> Short descriptive text snippets:
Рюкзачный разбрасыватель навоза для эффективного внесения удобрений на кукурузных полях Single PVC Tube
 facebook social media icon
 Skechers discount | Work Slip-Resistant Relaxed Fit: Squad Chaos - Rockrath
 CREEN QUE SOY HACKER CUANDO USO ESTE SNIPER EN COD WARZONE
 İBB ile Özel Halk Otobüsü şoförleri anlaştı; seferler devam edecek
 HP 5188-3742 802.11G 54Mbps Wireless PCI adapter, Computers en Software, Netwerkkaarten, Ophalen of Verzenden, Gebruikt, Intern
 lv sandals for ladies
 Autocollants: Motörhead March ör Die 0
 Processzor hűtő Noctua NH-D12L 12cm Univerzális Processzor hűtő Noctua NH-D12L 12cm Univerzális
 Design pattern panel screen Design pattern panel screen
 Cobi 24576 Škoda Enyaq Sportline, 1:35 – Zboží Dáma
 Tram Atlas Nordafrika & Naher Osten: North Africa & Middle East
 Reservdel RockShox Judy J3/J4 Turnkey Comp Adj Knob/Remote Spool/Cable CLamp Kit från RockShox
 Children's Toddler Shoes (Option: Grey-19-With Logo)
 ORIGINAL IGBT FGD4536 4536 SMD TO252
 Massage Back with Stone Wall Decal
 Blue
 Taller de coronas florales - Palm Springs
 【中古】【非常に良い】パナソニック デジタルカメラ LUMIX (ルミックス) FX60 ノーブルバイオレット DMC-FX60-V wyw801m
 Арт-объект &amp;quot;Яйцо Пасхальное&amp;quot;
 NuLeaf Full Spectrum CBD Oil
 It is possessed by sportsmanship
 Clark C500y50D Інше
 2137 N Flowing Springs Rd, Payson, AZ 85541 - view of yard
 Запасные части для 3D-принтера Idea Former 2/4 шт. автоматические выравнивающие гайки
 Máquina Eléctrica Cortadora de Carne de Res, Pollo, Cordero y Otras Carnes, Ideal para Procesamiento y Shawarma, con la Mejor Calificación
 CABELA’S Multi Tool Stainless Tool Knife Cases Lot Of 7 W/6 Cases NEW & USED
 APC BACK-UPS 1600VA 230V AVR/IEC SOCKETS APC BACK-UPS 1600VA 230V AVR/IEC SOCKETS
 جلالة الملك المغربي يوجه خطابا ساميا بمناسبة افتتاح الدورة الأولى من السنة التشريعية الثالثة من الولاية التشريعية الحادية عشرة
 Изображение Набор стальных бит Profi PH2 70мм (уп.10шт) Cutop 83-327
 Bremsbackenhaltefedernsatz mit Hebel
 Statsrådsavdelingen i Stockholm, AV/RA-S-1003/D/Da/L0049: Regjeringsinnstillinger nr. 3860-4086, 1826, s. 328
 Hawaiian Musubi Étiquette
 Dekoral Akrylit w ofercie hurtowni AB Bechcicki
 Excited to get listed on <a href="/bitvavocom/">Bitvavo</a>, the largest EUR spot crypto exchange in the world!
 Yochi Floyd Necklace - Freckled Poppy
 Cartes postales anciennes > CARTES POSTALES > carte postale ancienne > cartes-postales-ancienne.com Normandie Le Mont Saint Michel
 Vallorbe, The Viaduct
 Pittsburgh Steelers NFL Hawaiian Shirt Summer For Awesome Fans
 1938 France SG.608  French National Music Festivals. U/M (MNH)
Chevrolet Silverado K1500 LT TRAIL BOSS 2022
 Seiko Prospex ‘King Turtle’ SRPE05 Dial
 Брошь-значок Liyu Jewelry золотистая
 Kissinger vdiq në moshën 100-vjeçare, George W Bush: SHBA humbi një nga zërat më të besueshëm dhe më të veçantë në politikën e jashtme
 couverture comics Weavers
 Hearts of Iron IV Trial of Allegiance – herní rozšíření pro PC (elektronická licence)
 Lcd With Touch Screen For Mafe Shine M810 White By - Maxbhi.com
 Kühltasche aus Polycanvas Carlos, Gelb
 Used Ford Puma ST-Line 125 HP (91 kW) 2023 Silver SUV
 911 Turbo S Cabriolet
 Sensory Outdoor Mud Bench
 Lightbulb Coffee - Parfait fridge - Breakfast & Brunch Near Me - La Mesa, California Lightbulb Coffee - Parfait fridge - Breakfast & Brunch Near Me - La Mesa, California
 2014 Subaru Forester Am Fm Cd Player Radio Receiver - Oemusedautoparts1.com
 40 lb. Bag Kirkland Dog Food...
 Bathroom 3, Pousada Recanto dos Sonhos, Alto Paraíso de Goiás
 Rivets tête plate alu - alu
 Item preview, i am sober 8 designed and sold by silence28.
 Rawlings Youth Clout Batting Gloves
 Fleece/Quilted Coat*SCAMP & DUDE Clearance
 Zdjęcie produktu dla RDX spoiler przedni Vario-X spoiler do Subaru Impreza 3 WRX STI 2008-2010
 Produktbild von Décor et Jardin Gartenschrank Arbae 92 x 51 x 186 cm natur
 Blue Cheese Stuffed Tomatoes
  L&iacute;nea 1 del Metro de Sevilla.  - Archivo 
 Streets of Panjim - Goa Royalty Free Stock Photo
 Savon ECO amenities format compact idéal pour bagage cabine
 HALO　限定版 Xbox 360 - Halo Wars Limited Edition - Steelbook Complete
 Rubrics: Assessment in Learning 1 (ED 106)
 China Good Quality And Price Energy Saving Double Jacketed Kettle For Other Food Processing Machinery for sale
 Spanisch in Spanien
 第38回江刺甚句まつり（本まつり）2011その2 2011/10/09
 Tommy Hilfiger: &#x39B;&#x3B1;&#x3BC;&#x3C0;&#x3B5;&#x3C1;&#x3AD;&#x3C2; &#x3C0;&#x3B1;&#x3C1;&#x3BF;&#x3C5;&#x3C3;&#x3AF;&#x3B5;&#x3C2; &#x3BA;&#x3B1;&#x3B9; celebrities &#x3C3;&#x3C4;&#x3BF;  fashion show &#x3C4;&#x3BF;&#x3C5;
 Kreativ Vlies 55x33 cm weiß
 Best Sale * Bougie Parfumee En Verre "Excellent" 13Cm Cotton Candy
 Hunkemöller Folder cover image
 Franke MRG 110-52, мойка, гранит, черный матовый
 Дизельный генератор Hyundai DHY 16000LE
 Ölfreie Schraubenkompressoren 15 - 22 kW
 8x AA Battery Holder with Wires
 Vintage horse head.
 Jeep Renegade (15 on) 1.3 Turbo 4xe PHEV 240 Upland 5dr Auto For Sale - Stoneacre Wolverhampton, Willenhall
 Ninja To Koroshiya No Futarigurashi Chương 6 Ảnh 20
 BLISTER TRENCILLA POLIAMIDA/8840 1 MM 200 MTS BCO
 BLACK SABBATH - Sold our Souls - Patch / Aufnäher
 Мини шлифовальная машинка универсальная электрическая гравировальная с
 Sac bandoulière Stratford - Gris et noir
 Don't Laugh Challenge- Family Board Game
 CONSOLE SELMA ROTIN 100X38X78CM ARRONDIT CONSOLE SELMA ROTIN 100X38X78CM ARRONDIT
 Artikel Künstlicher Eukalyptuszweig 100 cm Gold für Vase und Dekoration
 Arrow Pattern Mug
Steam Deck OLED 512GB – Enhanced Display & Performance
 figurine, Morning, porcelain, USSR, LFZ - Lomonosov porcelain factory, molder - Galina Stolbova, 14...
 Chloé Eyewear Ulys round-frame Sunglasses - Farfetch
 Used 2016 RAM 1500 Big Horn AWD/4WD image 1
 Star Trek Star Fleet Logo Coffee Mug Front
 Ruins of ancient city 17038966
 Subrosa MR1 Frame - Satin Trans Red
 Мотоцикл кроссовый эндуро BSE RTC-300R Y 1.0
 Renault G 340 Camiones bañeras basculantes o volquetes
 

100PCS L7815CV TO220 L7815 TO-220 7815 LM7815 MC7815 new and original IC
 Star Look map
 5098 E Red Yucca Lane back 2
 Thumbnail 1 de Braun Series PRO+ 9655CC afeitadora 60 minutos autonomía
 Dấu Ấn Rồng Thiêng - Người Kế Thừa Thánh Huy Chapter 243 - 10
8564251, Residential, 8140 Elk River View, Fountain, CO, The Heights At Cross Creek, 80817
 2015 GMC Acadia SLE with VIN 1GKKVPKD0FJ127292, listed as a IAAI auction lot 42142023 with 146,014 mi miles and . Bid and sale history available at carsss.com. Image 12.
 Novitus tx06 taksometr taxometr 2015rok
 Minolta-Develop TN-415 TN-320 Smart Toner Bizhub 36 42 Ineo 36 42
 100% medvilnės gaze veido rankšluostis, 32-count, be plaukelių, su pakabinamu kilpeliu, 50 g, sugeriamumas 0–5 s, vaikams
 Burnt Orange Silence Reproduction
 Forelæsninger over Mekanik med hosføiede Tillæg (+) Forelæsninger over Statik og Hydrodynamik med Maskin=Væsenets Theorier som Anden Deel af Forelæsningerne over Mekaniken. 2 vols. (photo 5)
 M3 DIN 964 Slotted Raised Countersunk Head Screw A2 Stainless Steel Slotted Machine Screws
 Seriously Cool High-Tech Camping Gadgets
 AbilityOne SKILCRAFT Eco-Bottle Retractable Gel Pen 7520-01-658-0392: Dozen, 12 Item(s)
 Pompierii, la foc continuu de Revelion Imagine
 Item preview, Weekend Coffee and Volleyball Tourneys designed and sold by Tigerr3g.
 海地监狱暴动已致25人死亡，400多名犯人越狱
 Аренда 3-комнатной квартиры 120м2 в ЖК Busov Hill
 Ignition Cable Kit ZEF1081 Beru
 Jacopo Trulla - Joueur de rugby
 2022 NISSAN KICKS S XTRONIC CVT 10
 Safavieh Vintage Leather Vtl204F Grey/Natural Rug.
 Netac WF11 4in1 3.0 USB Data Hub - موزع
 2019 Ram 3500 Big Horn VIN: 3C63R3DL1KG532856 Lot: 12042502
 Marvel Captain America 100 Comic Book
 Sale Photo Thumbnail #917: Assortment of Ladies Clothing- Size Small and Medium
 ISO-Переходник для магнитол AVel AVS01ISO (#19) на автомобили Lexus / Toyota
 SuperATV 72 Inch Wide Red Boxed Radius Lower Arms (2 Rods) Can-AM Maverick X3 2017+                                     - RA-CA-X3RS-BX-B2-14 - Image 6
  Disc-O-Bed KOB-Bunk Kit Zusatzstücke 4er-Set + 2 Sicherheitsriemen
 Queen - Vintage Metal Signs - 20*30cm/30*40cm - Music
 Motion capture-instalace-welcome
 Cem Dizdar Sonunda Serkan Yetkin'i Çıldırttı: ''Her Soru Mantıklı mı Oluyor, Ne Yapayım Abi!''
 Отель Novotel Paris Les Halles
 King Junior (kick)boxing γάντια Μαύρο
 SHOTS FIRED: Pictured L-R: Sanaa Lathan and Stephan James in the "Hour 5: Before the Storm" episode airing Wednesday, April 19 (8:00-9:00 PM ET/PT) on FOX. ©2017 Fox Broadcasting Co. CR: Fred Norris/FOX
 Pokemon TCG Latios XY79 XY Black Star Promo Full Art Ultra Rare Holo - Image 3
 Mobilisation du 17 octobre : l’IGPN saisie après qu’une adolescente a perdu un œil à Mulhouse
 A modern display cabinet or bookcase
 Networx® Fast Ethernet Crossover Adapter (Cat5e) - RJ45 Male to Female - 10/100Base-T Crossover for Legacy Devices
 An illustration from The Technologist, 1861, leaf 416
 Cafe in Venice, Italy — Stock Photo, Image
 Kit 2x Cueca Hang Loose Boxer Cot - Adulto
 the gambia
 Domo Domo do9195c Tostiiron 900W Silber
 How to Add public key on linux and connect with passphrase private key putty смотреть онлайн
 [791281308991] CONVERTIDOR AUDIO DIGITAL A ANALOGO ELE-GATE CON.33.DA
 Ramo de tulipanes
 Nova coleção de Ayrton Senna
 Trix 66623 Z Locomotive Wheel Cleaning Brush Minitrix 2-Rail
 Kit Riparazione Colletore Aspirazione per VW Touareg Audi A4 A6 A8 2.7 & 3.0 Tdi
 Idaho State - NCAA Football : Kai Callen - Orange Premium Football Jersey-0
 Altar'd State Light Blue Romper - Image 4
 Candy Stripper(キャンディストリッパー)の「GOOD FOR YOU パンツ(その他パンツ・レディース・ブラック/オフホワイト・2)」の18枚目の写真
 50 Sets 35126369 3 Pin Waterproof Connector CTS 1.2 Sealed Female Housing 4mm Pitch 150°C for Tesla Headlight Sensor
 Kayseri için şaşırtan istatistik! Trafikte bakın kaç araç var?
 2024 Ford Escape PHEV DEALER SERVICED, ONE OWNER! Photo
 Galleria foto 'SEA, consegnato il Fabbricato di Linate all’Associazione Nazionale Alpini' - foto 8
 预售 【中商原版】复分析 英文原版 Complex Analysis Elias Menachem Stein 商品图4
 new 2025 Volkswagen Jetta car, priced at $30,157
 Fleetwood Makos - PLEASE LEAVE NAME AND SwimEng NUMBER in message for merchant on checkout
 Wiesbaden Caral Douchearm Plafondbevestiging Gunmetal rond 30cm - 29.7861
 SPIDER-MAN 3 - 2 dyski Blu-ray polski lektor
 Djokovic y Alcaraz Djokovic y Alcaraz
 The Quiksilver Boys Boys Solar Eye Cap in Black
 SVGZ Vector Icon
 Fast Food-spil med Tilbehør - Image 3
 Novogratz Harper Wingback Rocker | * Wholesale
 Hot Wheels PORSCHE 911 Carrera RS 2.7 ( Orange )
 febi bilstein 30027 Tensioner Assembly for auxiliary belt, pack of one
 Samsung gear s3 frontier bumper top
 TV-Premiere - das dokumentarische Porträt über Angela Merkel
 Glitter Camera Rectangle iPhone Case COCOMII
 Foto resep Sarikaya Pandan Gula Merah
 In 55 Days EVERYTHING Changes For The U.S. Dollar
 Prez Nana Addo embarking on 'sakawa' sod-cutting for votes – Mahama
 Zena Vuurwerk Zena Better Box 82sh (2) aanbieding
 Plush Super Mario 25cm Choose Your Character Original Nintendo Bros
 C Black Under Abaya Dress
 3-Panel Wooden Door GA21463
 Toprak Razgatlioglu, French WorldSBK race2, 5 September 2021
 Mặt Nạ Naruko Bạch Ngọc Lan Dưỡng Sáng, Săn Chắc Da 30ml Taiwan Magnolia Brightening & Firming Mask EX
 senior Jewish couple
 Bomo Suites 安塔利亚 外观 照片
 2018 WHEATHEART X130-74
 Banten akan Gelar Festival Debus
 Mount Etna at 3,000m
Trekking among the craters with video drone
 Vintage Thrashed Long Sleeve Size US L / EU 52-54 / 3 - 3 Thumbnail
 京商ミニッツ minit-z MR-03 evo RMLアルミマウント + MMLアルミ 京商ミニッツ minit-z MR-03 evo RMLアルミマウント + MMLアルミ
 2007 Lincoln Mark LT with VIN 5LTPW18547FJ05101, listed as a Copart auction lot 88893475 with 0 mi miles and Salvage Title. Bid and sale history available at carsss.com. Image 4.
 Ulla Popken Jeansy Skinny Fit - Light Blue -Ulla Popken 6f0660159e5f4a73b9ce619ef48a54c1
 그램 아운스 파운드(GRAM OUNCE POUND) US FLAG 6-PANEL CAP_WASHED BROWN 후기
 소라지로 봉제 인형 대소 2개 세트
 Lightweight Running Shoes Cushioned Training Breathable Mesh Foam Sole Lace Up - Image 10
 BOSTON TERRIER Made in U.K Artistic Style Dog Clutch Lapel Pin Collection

> TASK PROMPT:
Please return the lines above that run from the line containing "Thumbnail 1 de" to the line containing "King Junior (kick)boxing γάντια Μαύρο", inclusive, exactly and with no other lines.

> OUTPUT FOR THIS TASK:
 Thumbnail 1 de Braun Series PRO+ 9655CC afeitadora 60 minutos autonomía
 Dấu Ấn Rồng Thiêng - Người Kế Thừa Thánh Huy Chapter 243 - 10
8564251, Residential, 8140 Elk River View, Fountain, CO, The Heights At Cross Creek, 80817
 2015 GMC Acadia SLE with VIN 1GKKVPKD0FJ127292, listed as a IAAI auction lot 42142023 with 146,014 mi miles and . Bid and sale history available at carsss.com. Image 12.
 Novitus tx06 taksometr taxometr 2015rok
 Minolta-Develop TN-415 TN-320 Smart Toner Bizhub 36 42 Ineo 36 42
 100% medvilnės gaze veido rankšluostis, 32-count, be plaukelių, su pakabinamu kilpeliu, 50 g, sugeriamumas 0–5 s, vaikams
 Burnt Orange Silence Reproduction
 Forelæsninger over Mekanik med hosføiede Tillæg (+) Forelæsninger over Statik og Hydrodynamik med Maskin=Væsenets Theorier som Anden Deel af Forelæsningerne over Mekaniken. 2 vols. (photo 5)
 M3 DIN 964 Slotted Raised Countersunk Head Screw A2 Stainless Steel Slotted Machine Screws
 Seriously Cool High-Tech Camping Gadgets
 AbilityOne SKILCRAFT Eco-Bottle Retractable Gel Pen 7520-01-658-0392: Dozen, 12 Item(s)
 Pompierii, la foc continuu de Revelion Imagine
 Item preview, Weekend Coffee and Volleyball Tourneys designed and sold by Tigerr3g.
 海地监狱暴动已致25人死亡，400多名犯人越狱
 Аренда 3-комнатной квартиры 120м2 в ЖК Busov Hill
 Ignition Cable Kit ZEF1081 Beru
 Jacopo Trulla - Joueur de rugby
 2022 NISSAN KICKS S XTRONIC CVT 10
 Safavieh Vintage Leather Vtl204F Grey/Natural Rug.
 Netac WF11 4in1 3.0 USB Data Hub - موزع
 2019 Ram 3500 Big Horn VIN: 3C63R3DL1KG532856 Lot: 12042502
 Marvel Captain America 100 Comic Book
 Sale Photo Thumbnail #917: Assortment of Ladies Clothing- Size Small and Medium
 ISO-Переходник для магнитол AVel AVS01ISO (#19) на автомобили Lexus / Toyota
 SuperATV 72 Inch Wide Red Boxed Radius Lower Arms (2 Rods) Can-AM Maverick X3 2017+                                     - RA-CA-X3RS-BX-B2-14 - Image 6
  Disc-O-Bed KOB-Bunk Kit Zusatzstücke 4er-Set + 2 Sicherheitsriemen
 Queen - Vintage Metal Signs - 20*30cm/30*40cm - Music
 Motion capture-instalace-welcome
 Cem Dizdar Sonunda Serkan Yetkin'i Çıldırttı: ''Her Soru Mantıklı mı Oluyor, Ne Yapayım Abi!''
 Отель Novotel Paris Les Halles
 King Junior (kick)boxing γάντια Μαύρο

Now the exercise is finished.